A rapper e produtora cultural Negra Jaque, idealizadora do projeto, destaca que a proposta surge em um momento de reconstrução, especialmente após as enchentes que atingiram o estado em maio de 2024. Muitos espaços culturais foram impactados, prejudicando o trabalho de artistas periféricos.

“O hip hop tem sido a vanguarda dessa reconstrução. Vamos fortalecer os coletivos e projetos, gerando trabalho e renda e movimentando diretamente a contratação de 500 pessoas, fomentando a economia e impactando a periferia”, afirma Negra Jaque.

Como funciona o Decola Hip Hop RS?

O programa vai selecionar 119 coletivos de base comunitária na primeira fase, priorizando grupos com pelo menos dois anos de atuação e que tenham o hip hop como um de seus eixos principais. Além disso, a iniciativa prevê a inauguração de um estúdio de podcast, ampliando a cadeia produtiva da cultura no estado.

Os coletivos selecionados deverão desenvolver produções audiovisuais, grafites, mostras culturais, apresentações e oficinas, além de revitalizar espaços culturais periféricos. A Feira de Hip Hop, um dos eventos mais importantes do movimento no RS, também será retomada como parte do programa.

Inscrições e critérios de seleção

As inscrições para o Decola Hip Hop RS vão de 27 de fevereiro a 27 de março de 2025. Após essa etapa, os projetos serão avaliados com base nos seguintes critérios:

  • Trajetória cultural e tempo de atuação;
  • Abrangência e impacto das atividades realizadas na comunidade;
  • Perspectiva de continuidade e relevância das ações;
  • Reconhecimento por outros coletivos do mesmo eixo cultural.

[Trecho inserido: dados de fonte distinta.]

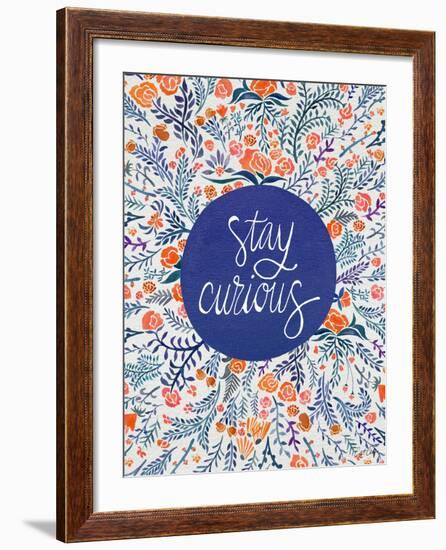 Stay Curious in Navy and Red-Cat Coquillette-Framed Giclee Print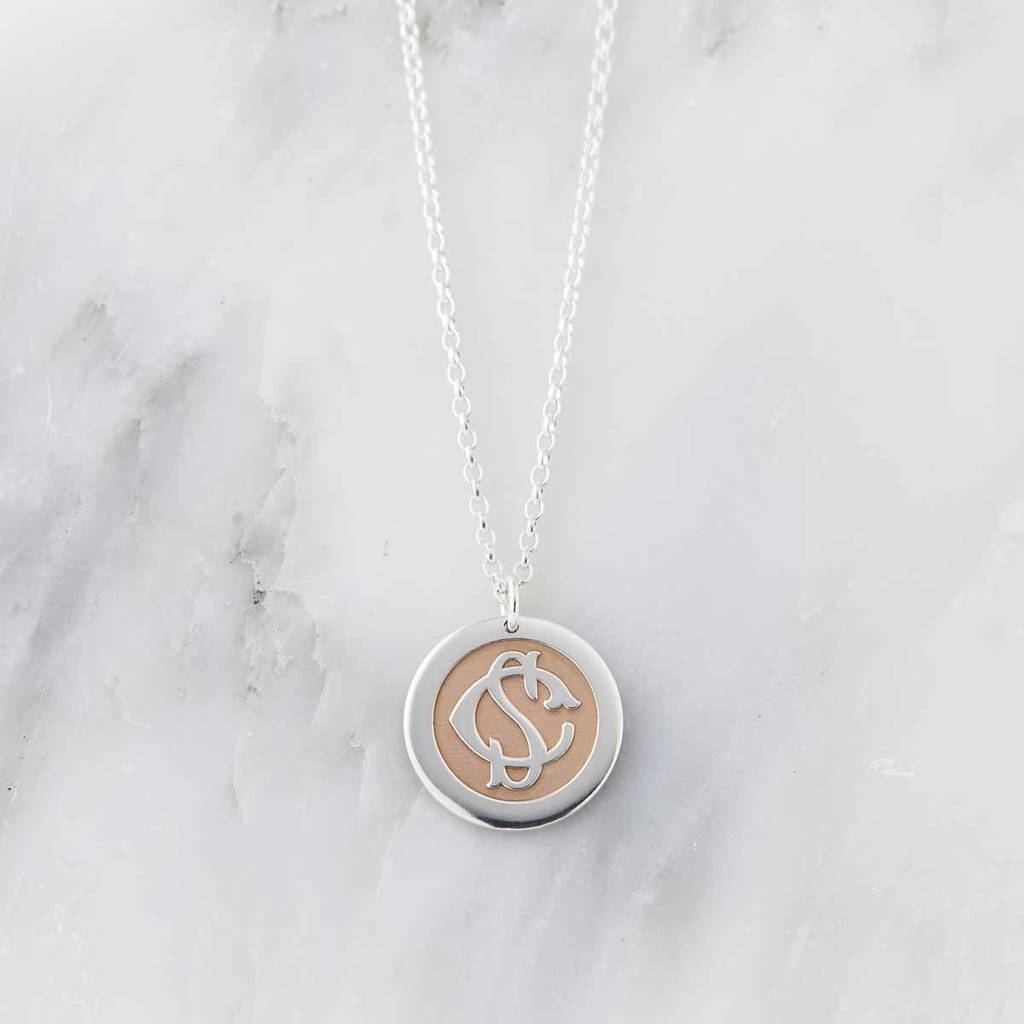 Sterling sales monogram necklace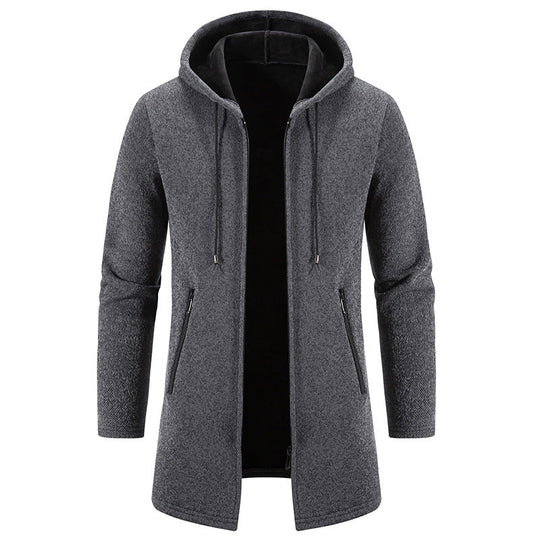 Herren praktische und stilvolle Fleecejacke mit Kapuze und Reißverschlusstaschen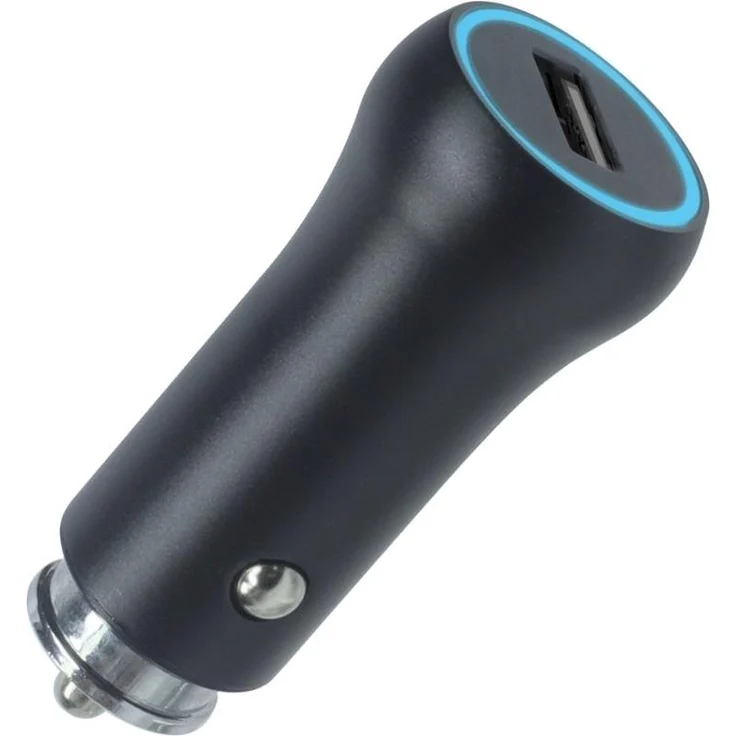 Setty Autolader CC-A-241, 1x USB 2,4A, kompakter KFZ-Ladeadapter in mattschwarz mit blauem LED-Ring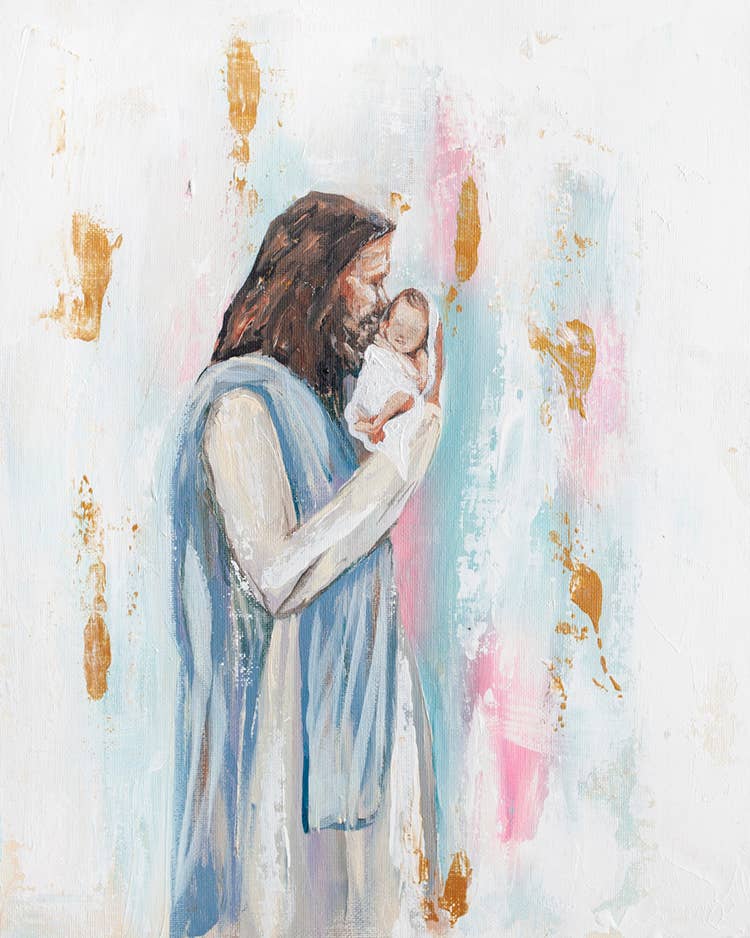 Jesus and Baby 'I Knew You' in Acrylic Gold Frame 4x6: Gray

Além disso, haverá um bônus na pontuação para candidaturas de mulheres, pessoas pretas, indígenas, LGBTQIAPN+, pessoas atípicas e pessoas com deficiência.

Distribuição das vagas

O programa contemplará diferentes áreas dentro do hip hop:

  • 19 coletivos de audiovisual e mídias;
  • 10 coletivos de grafite;
  • 10 coletivos de moda (vestuário, calçados e acessórios);
  • 10 coletivos de estúdios e selos independentes;
  • 50 coletivos para workshops e eventos dos 5 elementos do hip hop (MCs, DJs, graffiti, breaking e conhecimento);
  • 10 coletivos de DJs;
  • 10 coletivos de Breaking.
Conheça o museu da cultura hip hop. https://museuhiphoprs.com.br/

Hip hop e a economia criativa

Para Ricardo Cappelli, presidente da ABDI, a cultura hip hop tem um impacto crescente na economia criativa brasileira. Segundo ele, o setor movimentou R$ 230 bilhões em 2020, representando 3,11% do PIB nacional, superando até a indústria automobilística.

“A economia criativa tem um peso enorme no PIB do país, e a cultura hip hop, em particular, é uma grande ferramenta de inclusão social. Em 2023, esse setor foi responsável por 7,8 milhões de novos empregos.”, destaca Cappelli.

Com o Decola Hip Hop RS, a expectativa é que a cultura urbana fortaleça ainda mais seu papel como motor de desenvolvimento social e econômico, promovendo oportunidades para artistas e ampliando a visibilidade do hip hop no estado.